Trump has declared that he will impose a 10% tariff on all countries, even those that are allies.
The probability of that happening is increasing. There have already been many similar cases in other cases. A double-digit market share and a sharp increase in trade surplus with the US are not necessarily good signs.
Hyundai Motor Group is also thoroughly prepared for this and is working to improve it through investment in the U.S. and local activation.
Moreover, from the perspective of the U.S. president, who is openly supporting union activities in the U.S., Trump's open support for low-income blue-collar workers is not a very good situation for the Hyundai Motor Group, which is increasing its investment in the U.S.
The reality is that the practice of 'giving medicine and then giving the bottle' is likely to become more widespread.
As the conditions for a strong union in the domestic market are already excessively pushed to the point of being unreasonable, and the situation in the US is also being further promoted, it can be said that there are many concerns both domestically and internationally.
The sixth is the global expansion of America First. Trump’s blatant America First policy is already diluting the meaning of allies, friends, and FTA countries, and is expanding to major global markets such as Europe, India, and Southeast Asia.
As mentioned earlier, FTAs and WTOs are important foundations for us as an export-oriented country, so the current emphasis on self-preference and protectionism is a very bad phenomenon. The easing of global free trade is expected to have a more fatal effect on us. Trump can be said to be the starting point for promoting this.
In addition, concerns about global markets due to Trump's presidency have begun to grow significantly. This is a time when everyone is preparing a plan B and worrying about an even worse situation.
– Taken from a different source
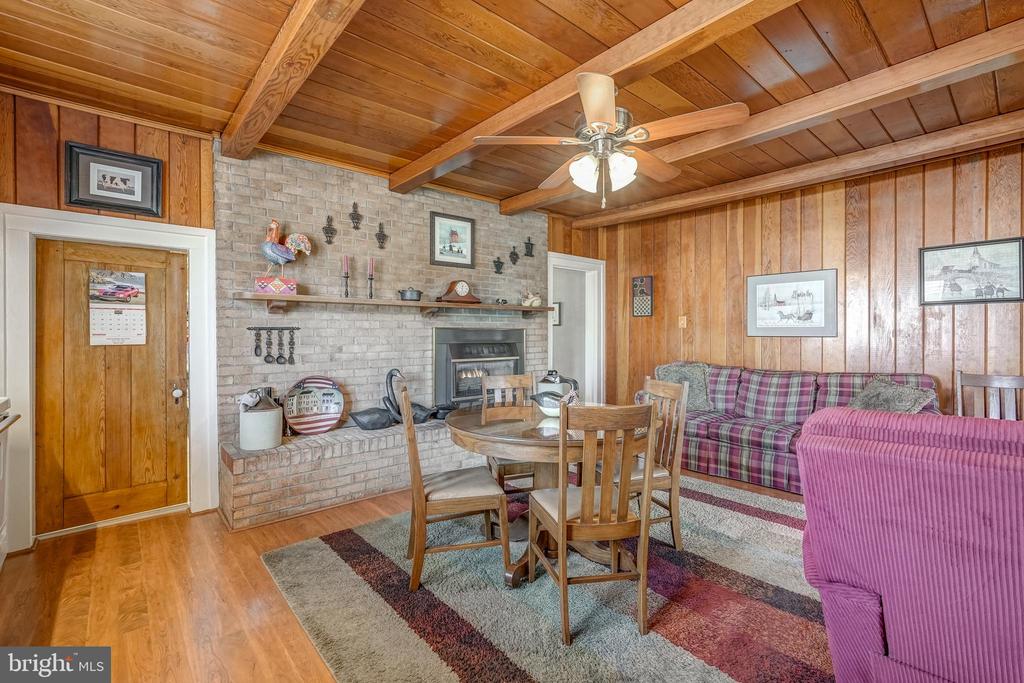 202 CUTLER AVE, LOUISA, Virginia 23093, 7 Bedrooms Bedrooms, ,4 BathroomsBathrooms,Residential,202 CUTLER AVE,VALA2007420 MLS # VALA2007420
In addition to the automobile industry, we are beginning to worry about problems that could affect our national economy and existence, such as the accumulated problems caused by changes in semiconductors, the intensifying economic conflict between the US and China, the renegotiation of defense spending, the strengthening of threats from North Korea, the Russian crisis and the reestablishment of relations with China, and the war in Ukraine and the Middle East.
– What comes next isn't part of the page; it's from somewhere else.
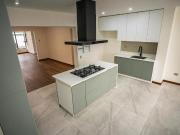 Casa en venta – 351 m² remodelada con finos acabados en...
I hope that we can come up with the best solution through more wise and thorough analysis. It is a time when integrated leadership without any ruling or opposition party is important for external economic activation and thorough national defense independence. The number of tasks to be solved is increasing. It is a time when we need to bring out our synergy more comprehensively.
As Trump's second term in office begins, the shortcomings appear significant, but I am confident that if we make cool-headed judgments and prepare thoroughly, there will be more opportunities to turn the shortcomings into strengths.